=head1 NAME

Lexing Without Grammars:  When Regular Expressions Suck

=head1 ABSTRACT

Perl is famed for its text processing capabilities.  However, sometimes the
data you want to process is too complicated for regular expressions and you
reach for a parser for your HTML, RTF, or other common format.  This article
discusses when you don't have a pre-defined parser but the text you need to
work with is too complicated for regular expressions.

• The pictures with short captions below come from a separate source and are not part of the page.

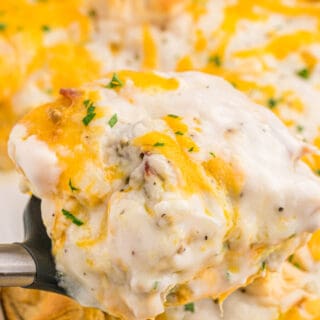 A large close up of a biscuits and gravy casserole ready to enjoy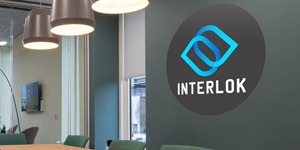 A black circle wall decal applied to a wall inside of an business office. The wall decal shows a company logo and reads the name of the business, which is Interlok.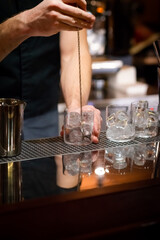 male bartender's hands mixing ice cubes with bar spoon to chill cocktail glasses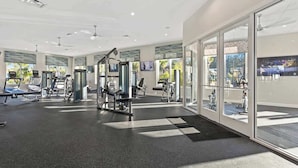 Ein modernes Fitnessstudio mit unterschiedlichen Trainingsgeräten, großen Fenstern und einem hellen, sauberen Innenraum.
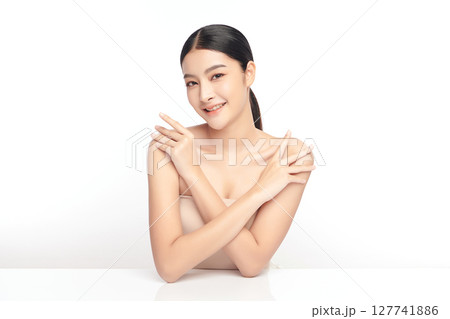A beautiful young Asian woman with clean, fresh skin against a white background. Skincare, facial treatment, cosmetology, beauty, and spa. An elegant portrait of an Asian woman. 127741886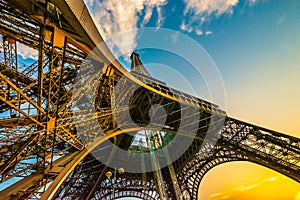 Spectacular unique colourful wide angle shot of the Eiffel tower from below, showing all pillars.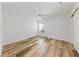 Bedroom with wood-look flooring, ceiling fan, and a closet at 5232 Saranac Rd, Las Vegas, NV 89130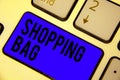 Handwriting text Shopping Bag. Concept meaning Containers for carrying personal possessions or purchases Keyboard blue key Intenti Royalty Free Stock Photo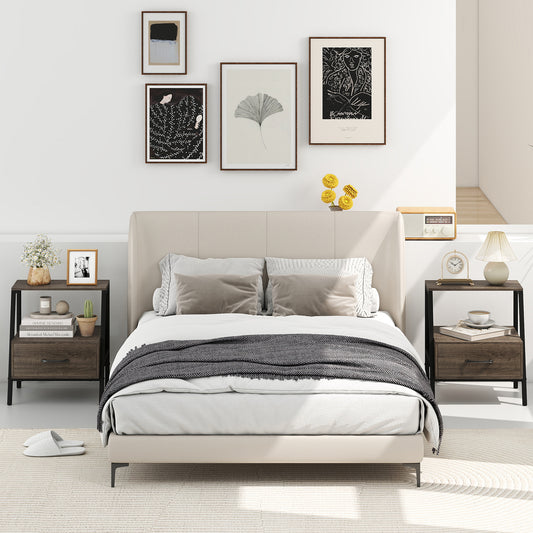 Two grey farmhouse nightstands in a bedroom setting next to a bed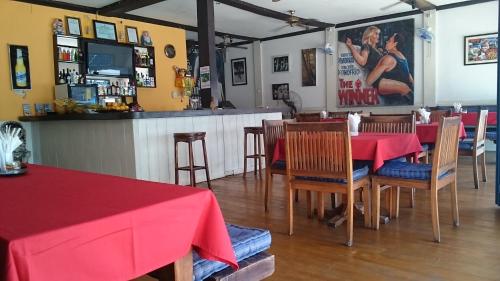 a restaurant with red tables and chairs and a bar at Zen inn in Padangbai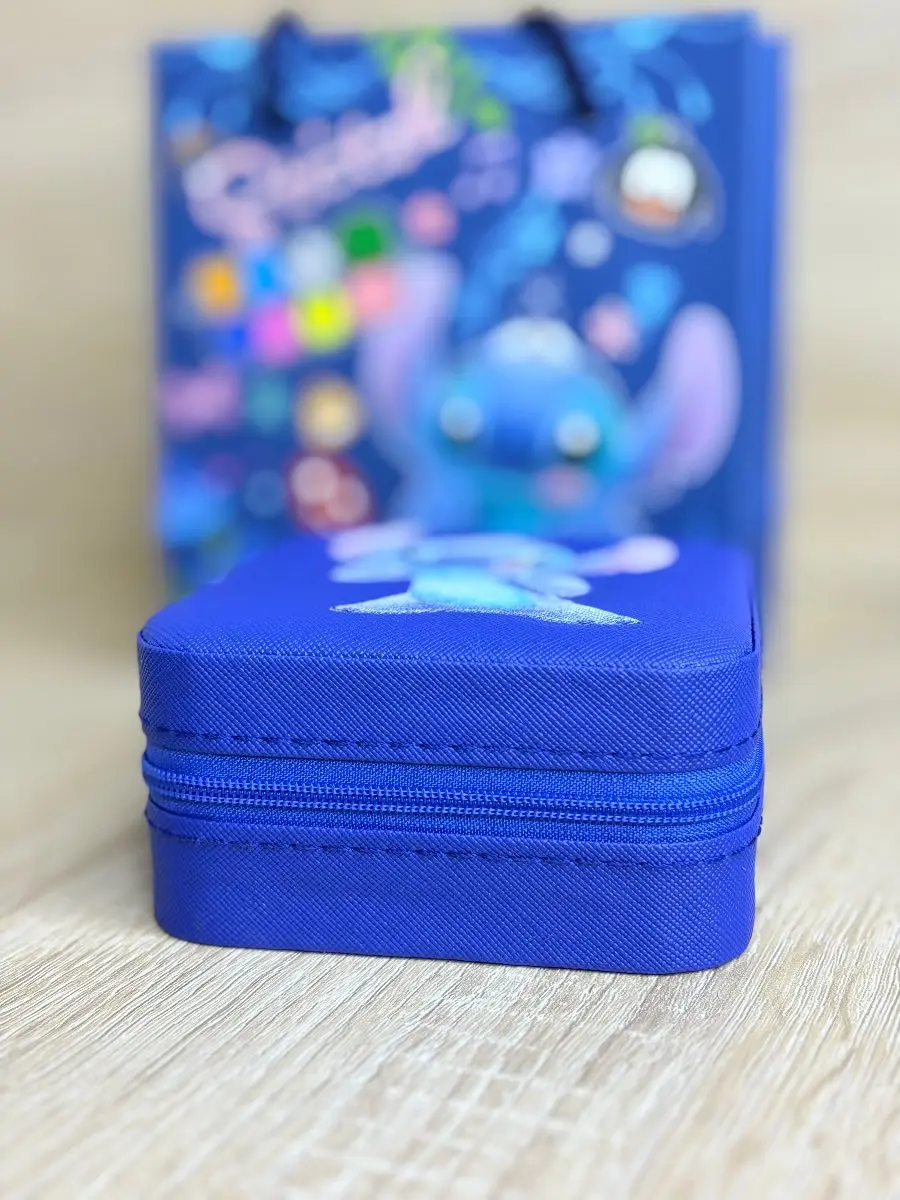 Estuche rígido azul cuadrado con de Stitch sobre superficie de madera y bolsa de regalo temática al fondo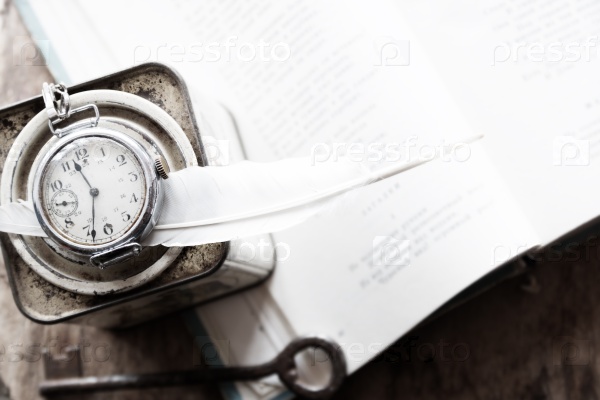 Poetry, poet, writing poems, time idea. Books, poems and feather. Soft Focus, Toned. Vintage.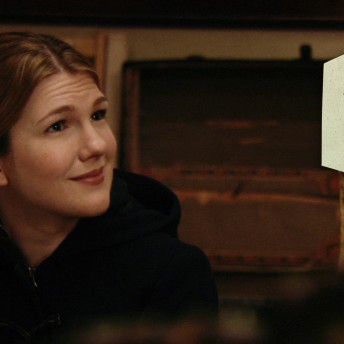 Lily Rabe as Mona Peek is looking away at the camera. Color photograph.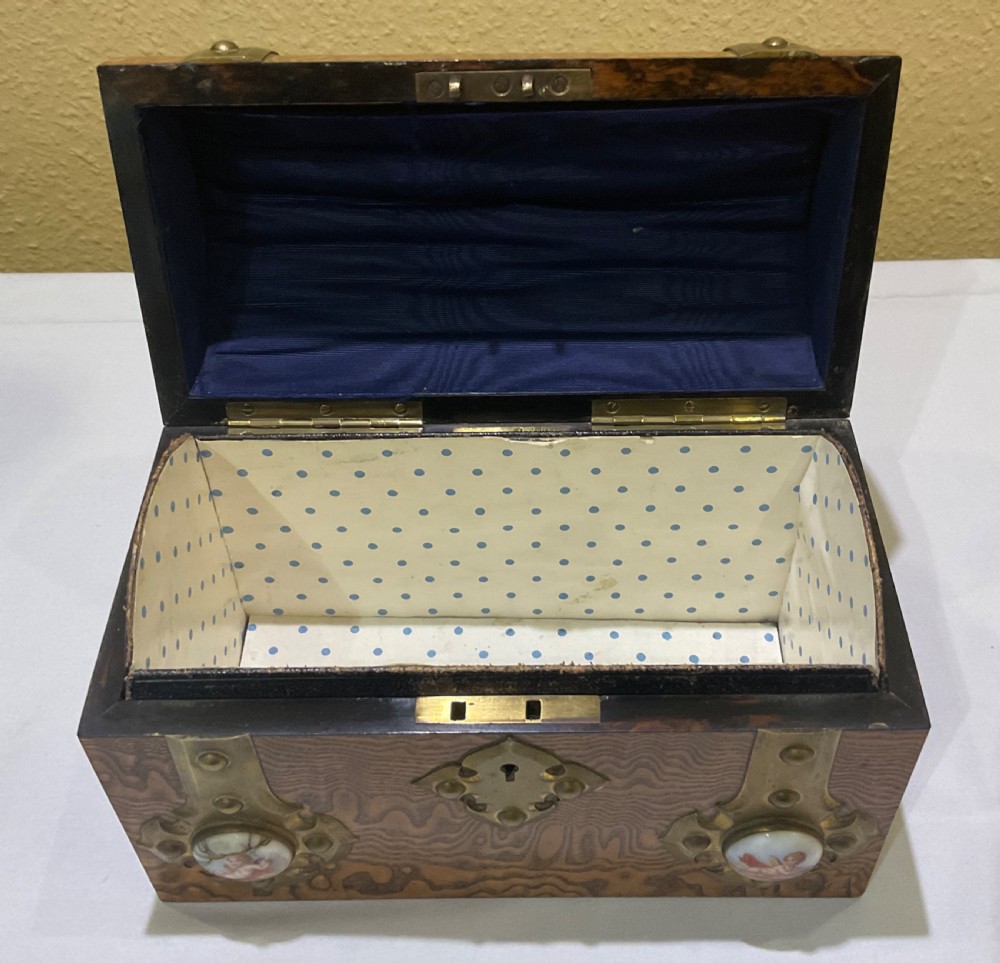 A Victorian domed walnut casket featuring brass strapwork, decorative studs, keyhole escutcheon, and porcelain cabochons with painted cherubs. View II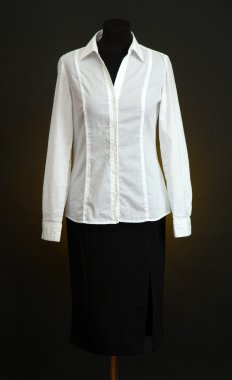 Beyaz bluz ve manken üzerinde koyu renk arka plan üzerinde siyah etek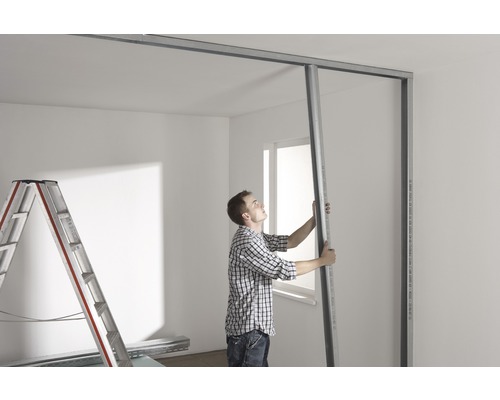 Mann montiert Trockenbauwand mit Metallprofilen in einem Raum.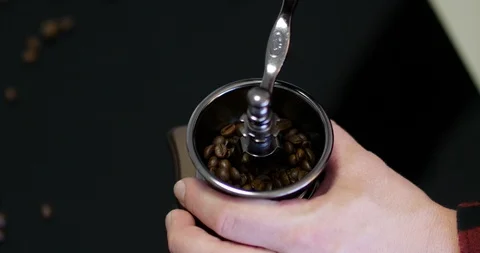 Close up top view of man's hands grinding coffee with an old design grinder.  Stock Footage 104405137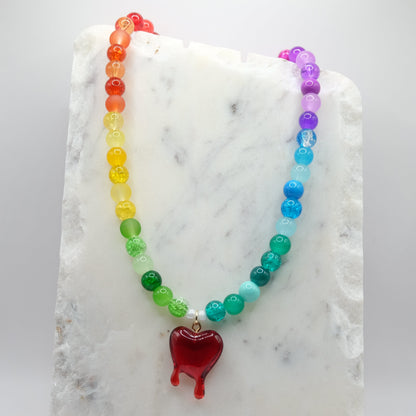 Rainbow glass beaded necklace with a red resin bleeding heart pendant on a marble surface.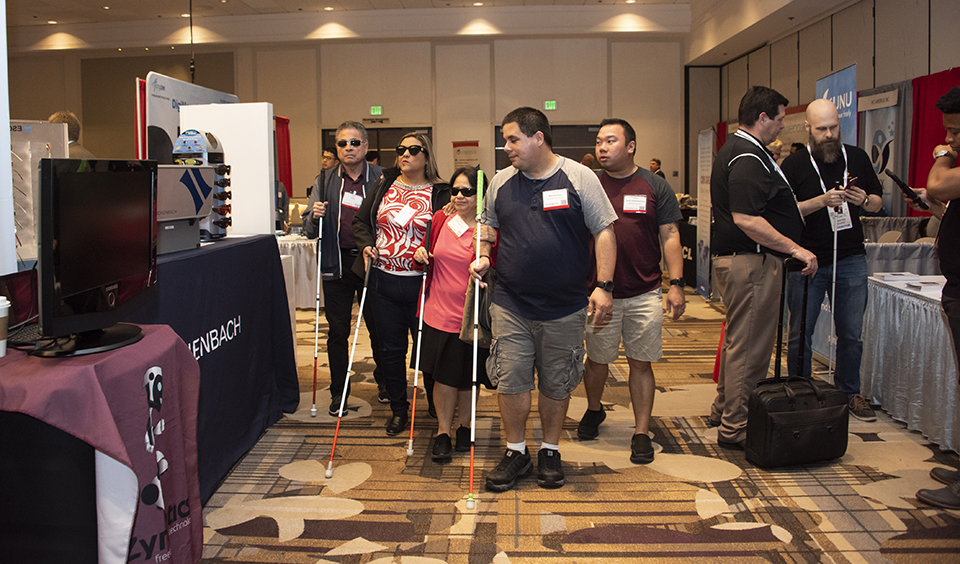 A group of individuals with vision impairments walk through the CSUN Conference exhibit hall. Four of the five carry white canes.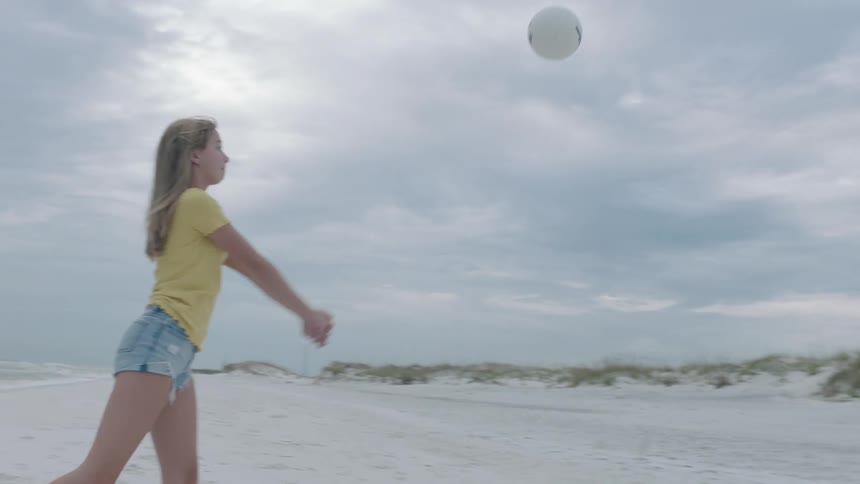 A man and two women playing with a ball on the beach with the sky and clouds in the background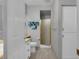 Clean bathroom with a shower, toilet and ample storage space at 471 Fallwood Ln, Las Vegas, NV 89107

=head1 ORIGINAL PUBLICATION

This article was originally published by O'Reilly in January, 2006 at
L<http://www.perl.com/pub/a/2006/01/05/parsing.html>.  Reproduced with
permission.

=head1 C<s/(?<!SHOOTING YOURSELF IN THE )FOOT/HEAD/g>

Most of us have tried at one time or another to use regular expressions to do
things we shouldn't.  Parse HTML, obfuscate code, wash dishes, etc.  This is
referred to by the technical term "showing off".  I've done it too:

 $html =~ s{
              (<a\s(?:[^>](?!href))*href\s*)
              (&(&[^;]+;)?(?:.(?!\3))+(?:\3)?)
              ([^>]+>)
           }
           {$1 . decode_entities($2) .  $4}gsexi;

I was strutting like a peacock when I wrote that, followed quickly by eating
crow when I ran it.  I never did get that working right.  I'm still not sure
what I was trying to do.  That was the regular expression which forced me to
learn how to use C<HTML::TokeParser>.  More importantly, that was the regular
expression which taught me how difficult regular expressions can be.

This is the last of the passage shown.